Acts has been the illuminator, the decoder for that feeling that I’m missing a major point. Acts is all about witnessing, telling what Jesus has done, telling what God has done through Him. It’s about telling. When the people spoke, just saying the truth of what happened to them, to tell their story and wrap it in with old prophecies and promises, it cut to the heart of everyone they were speaking to and thousands came to know Jesus. All throughout the bible, new and Old Testament, the power of testimony is highlighted. When you tell people what God has done, people come to know Him.
I sit down to pray with bible in hand and am so thankful for my story. My story of rejection, brokenness, generational sin, a fatherless girl becoming whole, sought after, and restored. My family, my relationship – all of it touched by brokenness, seemingly irreparable. I can’t number the amount of times I was praying for a way out of how I felt and of my circumstances, for healing that I knew couldn’t come, that I knew was impossible; the idea looming over my head daily that my situation was impossible. It wouldn’t be fixed, I would just learn to deal. I had no understanding about the way I felt and why I had to feel that way. I felt that way for years. I have close to a thousand pages of journal entries that attest to my brokenness, despair, lack of understanding, questioning, and pain. Those journal entries also attest to the unraveling God was doing of my heart, of the layers He was peeling back and revealing to me, of the faith and strength He was growing in me, and how He was sweetly marveling me and speaking to me. All of these things that built me are fresh on my mind and fill my heart with thankfulness, yet when people ask me about how I got where I am, or how my boyfriend and I got back together, or what happened, or about how my family is doing and what my life is like, my response is that everything is really good. I don’t go into detail about all the work that the Lord did to get it there, and what a miracle it is that I can say that everything is good, that I am whole. That the cracked lens I was viewing my life through is no longer cracked. That lies and questions no longer circulate in my head but that truth resounds. I don’t go into detail; I just tell them it’s good with a beaming smile on my face because being able to say that it’s good in and of itself to me is still something to be so joyful over. The testimony and the story that God was weaving together since the day I came into the world under a banner of rejection is buried down for the most part, only to be rejoiced over with close friends. Testimony, the way that we show the work of God to other people in our lives, that I am keeping to myself.

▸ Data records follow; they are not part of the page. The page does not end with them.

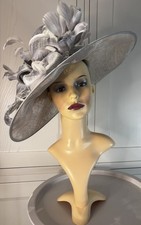 Snoxell Gwyther Silver Mother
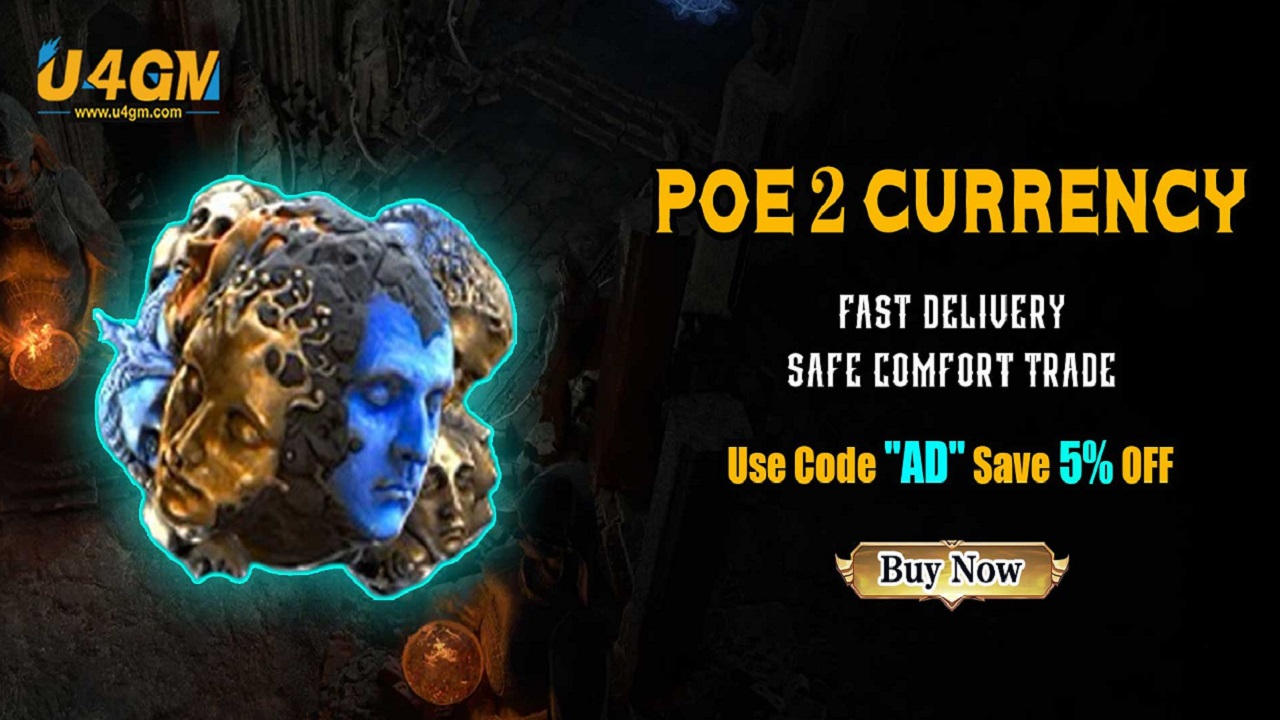 Best Way to Flip Currency in the New Exchange Market in PoE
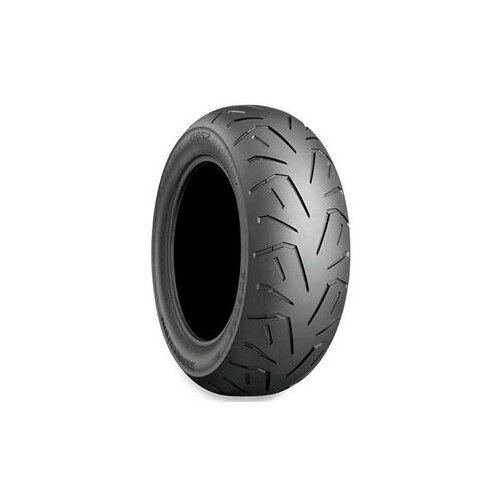 Bridgestone 190/60R17 78V tl exedra-max r Cene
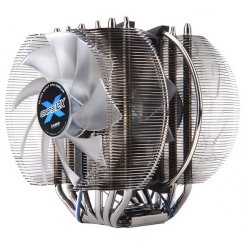 Кулер Zalman CNPS12X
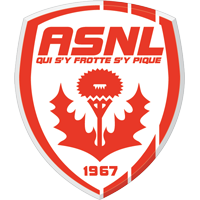 Logo Lyon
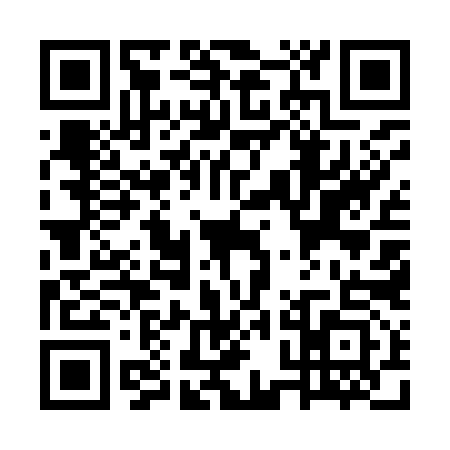 QR code for WPE9932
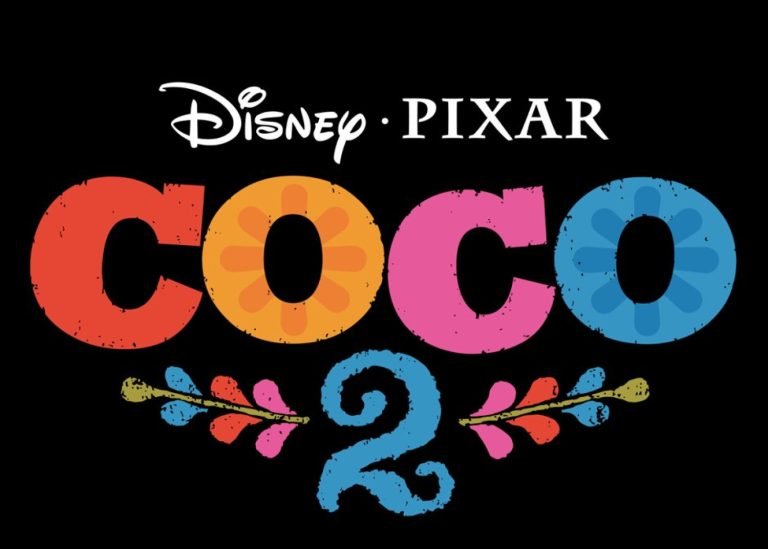 Coco 2 : Pixar annonce la suite pour novembre 2029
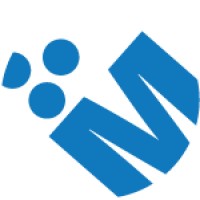 Magalini Digital Innovation logo - Similar company to Mc Informatica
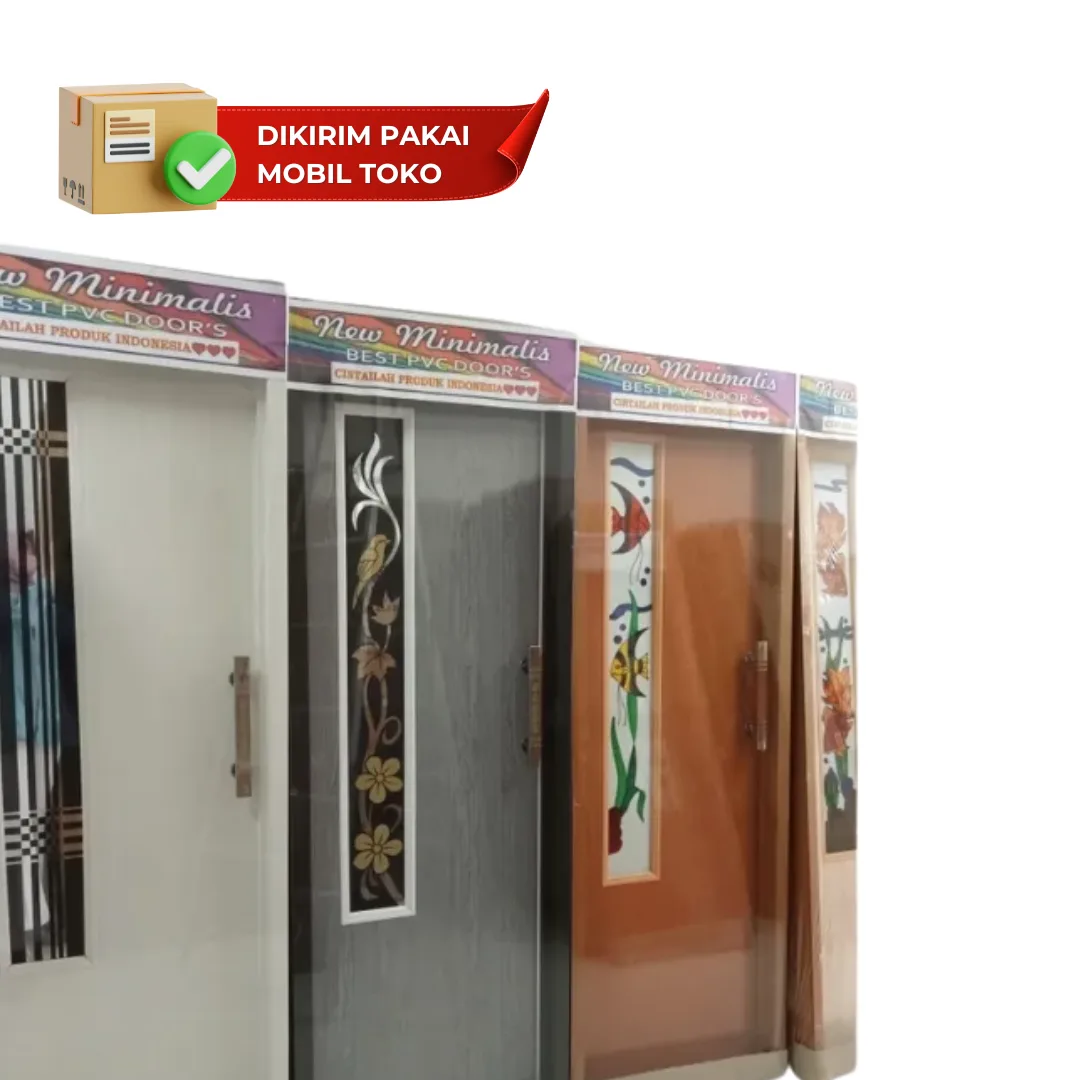 Super Bangunan, supermarket bahan bangunan terlengkap dan terpercaya, hadir untuk memenuhi segala kebutuhan proyek Anda! Baik untuk proyek besar, renovasi rumah, maupun pembangunan kecil, kami menyediakan berbagai material berkualitas dengan harga termurah. Nikmati garansi harga terendah di pasaran dan gratis ongkir dalam radius 5 km dari lokasi kami. Kini, berbelanja di Super Bangunan semakin mudah! Anda dapat melakukan pembelian langsung melalui Marketplace atau cukup menghubungi kami melalui WhatsApp di 0857-1092-3235. Tim kami siap membantu dengan cepat dan ramah. Untuk pembayaran, kami menyediakan kemudahan melalui transfer bank ke rekening BCA, BRI, dan Mandiri. Transaksi aman dan nyaman, sehingga Anda bisa berbelanja dengan tenang. Berbagai material bangunan seperti semen, besi, kayu, keramik, cat, hingga perlengkapan listrik tersedia lengkap di Super Bangunan. Kami berlokasi strategis di Jl. Raya Cikaret No.8, Harapan Jaya, Kec. Cibinong, Kabupaten Bogor, Jawa Barat 16914. Kami mudah dijangkau dan memberikan layanan prima, siap menjadi mitra terpercaya untuk proyek pembangunan Anda. Jangan lewatkan kesempatan untuk bertransaksi di Super Bangunan. Hubungi kami sekarang dan dapatkan penawaran terbaik! Super Bangunan: Solusi Lengkap untuk Semua Kebutuhan Bahan Bangunan Anda!Super Bangunan, supermarket bahan bangunan terlengkap dan terpercaya, hadir untuk memenuhi segala kebutuhan proyek Anda! Baik untuk proyek besar, renovasi rumah, maupun pembangunan kecil, kami menyediakan berbagai material berkualitas dengan harga termurah. Nikmati garansi harga terendah di pasaran dan gratis ongkir dalam radius 5 km dari lokasi kami. Kini, berbelanja di Super Bangunan semakin mudah! Anda dapat melakukan pembelian langsung melalui Marketplace atau cukup menghubungi kami melalui WhatsApp di 0857-1092-3235. Tim kami siap membantu dengan cepat dan ramah. Untuk pembayaran, kami menyediakan kemudahan melalui transfer bank ke rekening BCA, BRI, dan Mandiri. Transaksi aman dan nyaman, sehingga Anda bisa berbelanja dengan tenang. Berbagai material bangunan seperti semen, besi, kayu, keramik, cat, hingga perlengkapan listrik tersedia lengkap di Super Bangunan. Kami berlokasi strategis di Jl. Raya Cikaret No.8, Harapan Jaya, Kec. Cibinong, Kabupaten Bogor, Jawa Barat 16914. Kami mudah dijangkau dan memberikan layanan prima, siap menjadi mitra terpercaya untuk proyek pembangunan Anda. Jangan lewatkan kesempatan untuk bertransaksi di Super Bangunan. Hubungi kami sekarang dan dapatkan penawaran terbaik! Super Bangunan: Solusi Lengkap untuk Semua Kebutuhan Bahan Bangunan Anda!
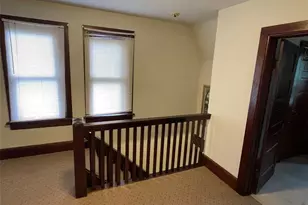 131 Lulu Ave, Almena, WI 54805 - Photo 31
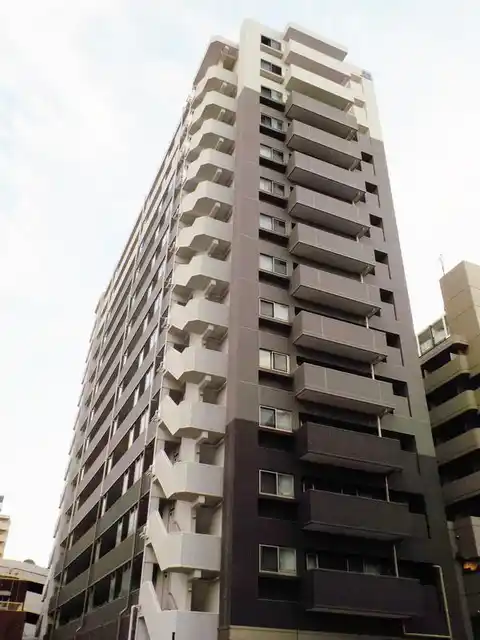 ベルドゥムール本厚木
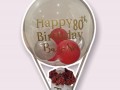 balloon-bouquet-personalised-gift-small-3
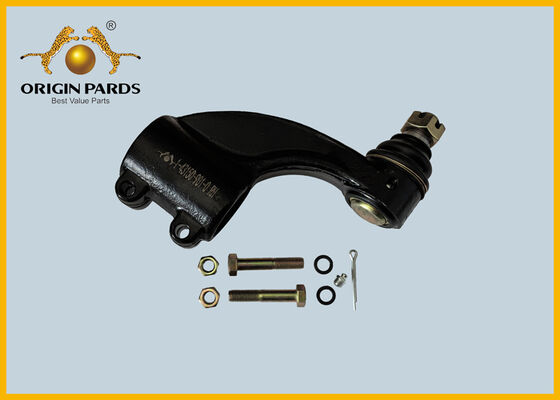 ORİGİN PARDS Uzun ömürlü kullanımı 1431508560 CYZ CYH VC Isuzu Giga Ağır Kamyon Direksiyon Parçası 6WF1 6WG1 Motor Kullanımı 58mm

Acts 1:8 says You shall be witness to me. Witnessing is a powerful and crucial part of growing God’s kingdom. Throughout history and in years to come, people have been and will be beheaded, attacked, ridiculed, mocked, beaten, killed for their witness and for attesting to who Christ is. I’m not in danger of losing my life for witnessing; I hold back because I don’t want to make people uncomfortable, or because I am afraid of what they’ll think about my intellect by me accrediting things to the work of God. I keep my testimony to myself for fear of being thought small minded.
Isaiah 43:7 tells us that God has created us, formed us, for His glory. Verse 10 says “You are my witnesses….and my servant whom I have chosen, That you may know and believe me and understand that I am He. Before me there was no God formed, Nor shall there be after Me”. Verse 21 says” This people I have formed for myself; they shall declare my praise”. Romans 3:25-26 tells us that He uses us to demonstrate His righteousness by being the just and the justifier. And my lips are sealed about the ways that I know Him because I’m afraid to speak and I’m afraid of the fact that people don’t understand. The testimony being wasted, when I know the years of unraveling and rebuilding were not meant to just strengthen my own faith.
Jesus tells us in scripture that the world will disagree with us, that believers will be hated, and we are. Yet we shy away from the hate. We close our mouths because of a longing to be liked, and to live as conflict free as possible. I haven’t been stepping into witnessing, to speaking openly about Christ, out of fear. Shouldn’t this be a sign to us to push forward if we can feel the fear of being disliked? Fear is to be followed. The founders of our religion, the original disciples, almost all of them were killed because of their message, their testimony about what God had done. When I live inwardly and don’t speak about what He has done for me, I am nullifying Isaiah 43:7-10 in my own life: that He would form me and mold me, and let me know Him in order for me to bring Him glory.
It’s hard to openly speak about Christ, or really any religious conviction when the world around us loves to not stand for anything except complete inclusion and acceptance of any broad minded idea, excluding any idea that conflicts with the idea that everything goes. People with strong moral convictions are harassed and looked down on. If you don’t think this is true then you don’t read modern media, or buzzfeed articles. To have multiple on multiple sexual encounters is encouraged, and to think that that could be harmful for a person spiritually and emotionally is an antiquated idea to our modern society. To have an issue with abortion is to be a sexist woman hater who wants to oppress the rights of women, wrap an apron around them and throw them in the kitchen. Our society hates Christianity and having to do anything more or outside of what is good for one’s self. It is not welcomed, it’s ideals are not welcomed. Most people focus on the vehement rejection of the notion of sin (and that there is a black and white wrong and right), and less on the fact that to follow Christ means to love every human being as they are and bearing the burdens of other people as your own. It’s to never get revenge but instead give forgiveness. It is self enlightenment and a seeking after God to reveal the flaws of your own heart so that you can 1. Glorify God, and 2. Love people well. That’s what my religion is supposed to be about. Glorifying God and loving people. It’s twisted, through people bearing the flag of Christianity who have never put it into practice a day in their life and are a bad representation (just like with any religion or race that gets demonized and classified by the actions or words of few), and through the fact that the world has always hated it’s message, and will continue to do so. The message of Christ doesn’t need to be shared any louder and stronger; it just needs to be shared period.